Can Allergies Cause Fatigue?

Can allergies cause fatigue?”, asks the tired version of yourself as you slouch your way onto your bed after a long day at work, half of which you probably spent sneezing on everything and everyone.

It’s not your fault that you have allergies, and it’s definitely not your fault that you feel more tired than usual.

Either way, you’re blaming your allergies for it, but why? Is there really any truth behind it? Can allergies cause fatigue and make you feel tired?

How Can Allergies Cause Fatigue?

First things first, yes, allergies can indeed cause fatigue.

How? Well, you see, when you have a stuffy nose and a throbbing head, you have difficulty sleeping. Because of this, you won’t feel as energized in the morning when you wake up. In addition to this, allergic reactions can cause your body to release chemicals that can make you feel a lot more tired than you usually do.

The combination of minimal sleep and nasal congestion makes for a potent mix that leads to fatigue and feeling as if you’re in a dream-like state.

What Can I Do About Allergy-Caused Fatigue?

Luckily, allergies are something that you can fix on your own. You can’t exactly fully make yourself immune to allergies, but there are ways to minimize your exposure to allergens.

Below, you’ll find tips to help you deal with allergy-caused fatigue.

1.      Avoid or limit exposure to allergens

Your allergens are the main reason for your fatigue. Because, if you were not exposed to your allergens, you won’t have allergies, and you won’t feel tired.

If it’s the spring season, make sure to keep an eye out on the local pollen report. Try to keep your time outside at a minimum and take a bath, as well as change clothes, as soon as you come home.

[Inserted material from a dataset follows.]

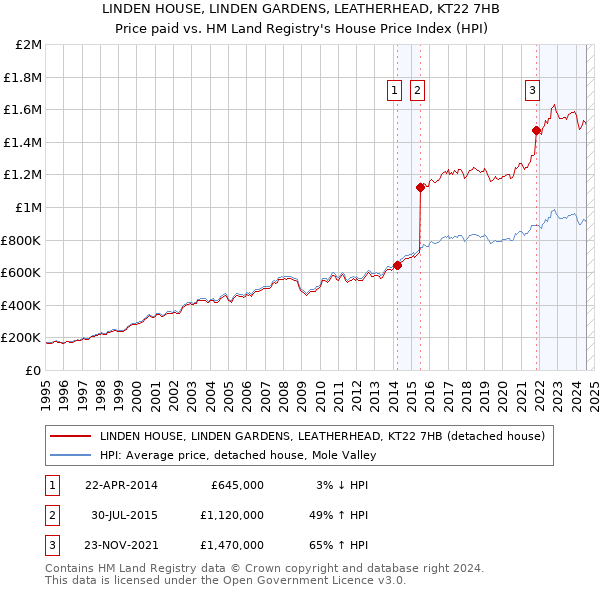 LINDEN HOUSE, LINDEN GARDENS, LEATHERHEAD, KT22 7HB: Price paid vs HM Land Registry's House Price Index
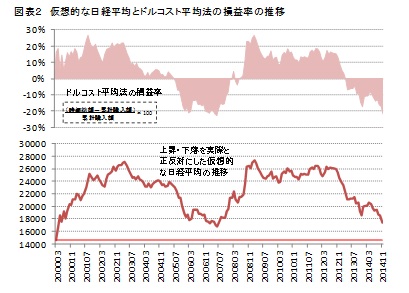 図表２　仮想的な日経平均とドルコスト平均法の損益率の推移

If you don’t know what you’re allergic, try to have a skin or blood test done so you know what to avoid going forward.

2.      Take your medicine

Antihistamines blocks the release of histamine, which is largely responsible for what happens when you have allergies – runny nose, watery eyes, drowsy feeling, and so on.

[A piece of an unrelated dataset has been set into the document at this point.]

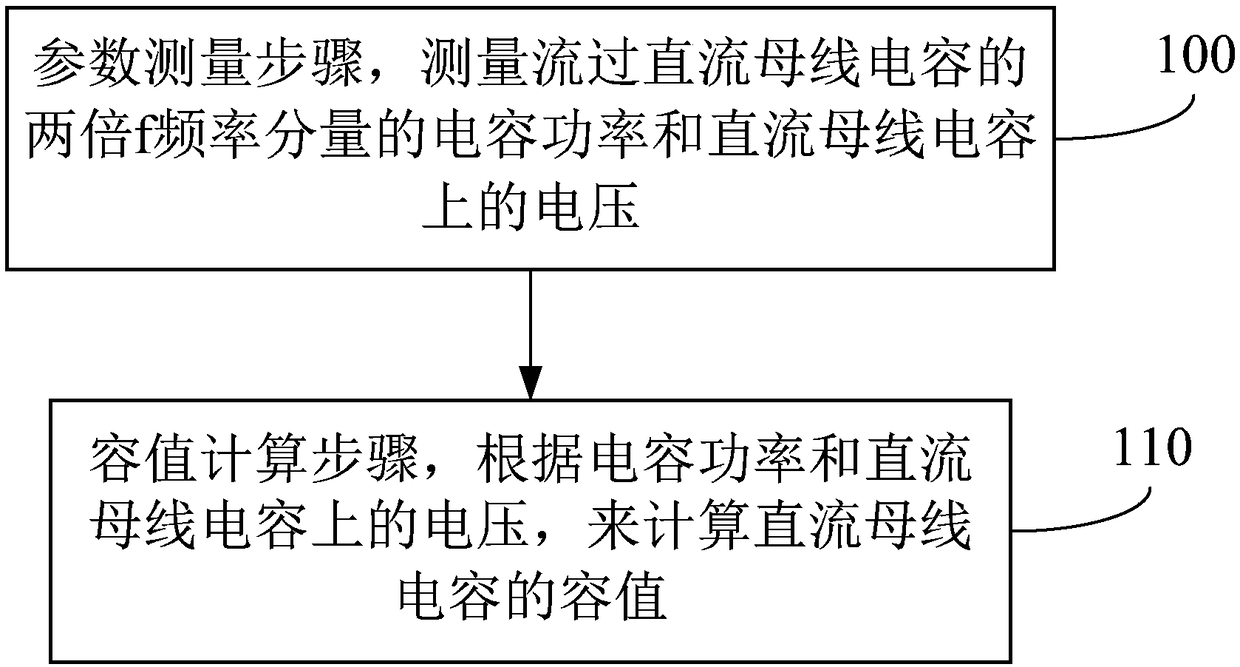 Method and device for monitoring capacitance value of direct-current bus capacitor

Unfortunately, antihistamines can make you feel tired. In fact, you’ll be better off sleeping immediately after taking the medication. But, if you want to stay awake during the day, there are types of antihistamine that do not make you feel drowsy, or at least, not as drowsy.

Nasal sprays can also help minimize your allergy symptoms, although you might want to check with your physician first to see what is best for you.

3.      Consider allergy shots

Worse comes to worst, allergy shots are your best bet to minimizing allergy symptoms.

Basically, what happens is that you’re taking small injections of allergens under your skin. Because the amount is usually not enough to cause an allergic reaction, you’ll mostly feel fine. However, allergy shots can help make allergies less frequent, and when you do have an allergic reaction, it is likely to be much less severe.

That foggy feeling caused by allergies can be annoying, but you can learn how to deal with it, and even eliminate it.

Follow these tips, and work closely with your physician. That way, you’ll find a way to combat allergens and make the so-called “allergy brain fog” less of a normal thing for you.